:: DATASET EXTRACT ::

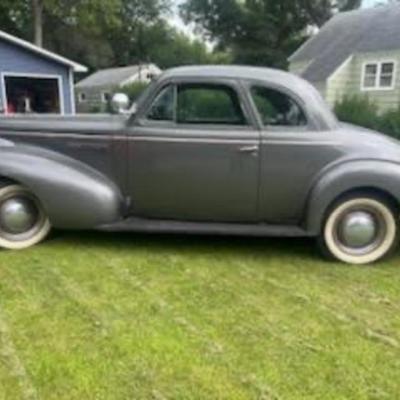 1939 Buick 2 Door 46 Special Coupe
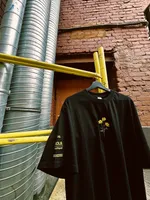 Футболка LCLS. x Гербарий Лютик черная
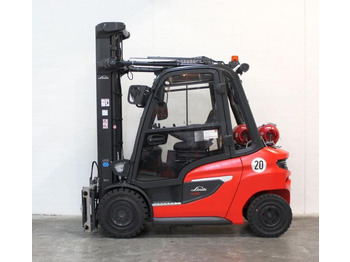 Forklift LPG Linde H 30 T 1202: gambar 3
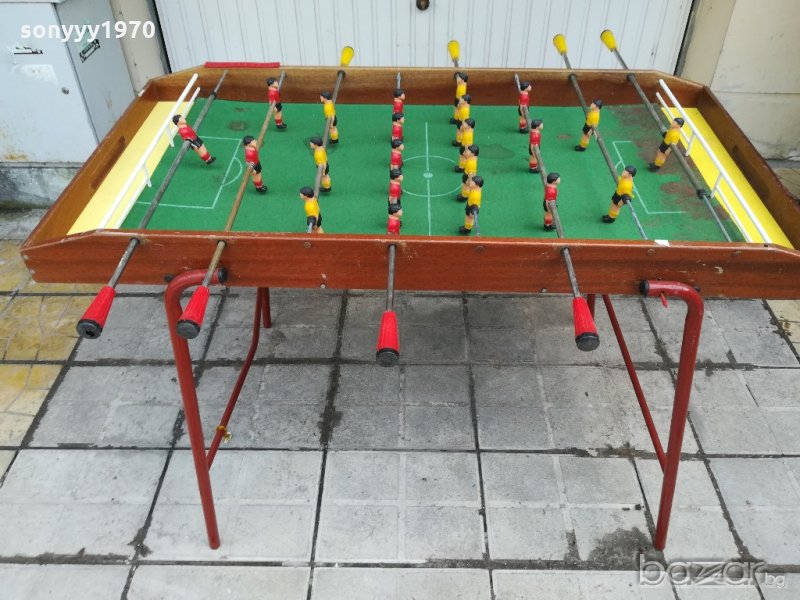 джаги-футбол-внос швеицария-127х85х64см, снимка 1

:::
:: DATASET EXTRACT ::

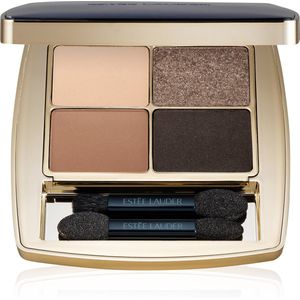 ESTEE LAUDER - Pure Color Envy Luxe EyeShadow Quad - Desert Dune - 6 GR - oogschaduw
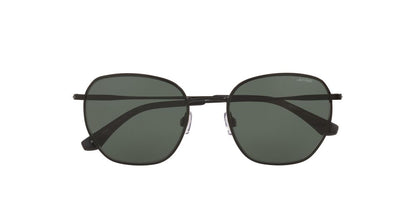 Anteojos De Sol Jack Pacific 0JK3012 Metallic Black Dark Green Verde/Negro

:::

# PROBLEM
Whatever pictures the records hold, omit them; give again exactly the lines from the one containing "1939 Buick 2 Door 46 Special Coupe" through the one containing "джаги-футбол-внос швеицария-127х85х64см, снимка".

# REPLY TO THE EXERCISE
 1939 Buick 2 Door 46 Special Coupe
 Футболка LCLS. x Гербарий Лютик черная
 Forklift LPG Linde H 30 T 1202: gambar 3
 джаги-футбол-внос швеицария-127х85х64см, снимка 1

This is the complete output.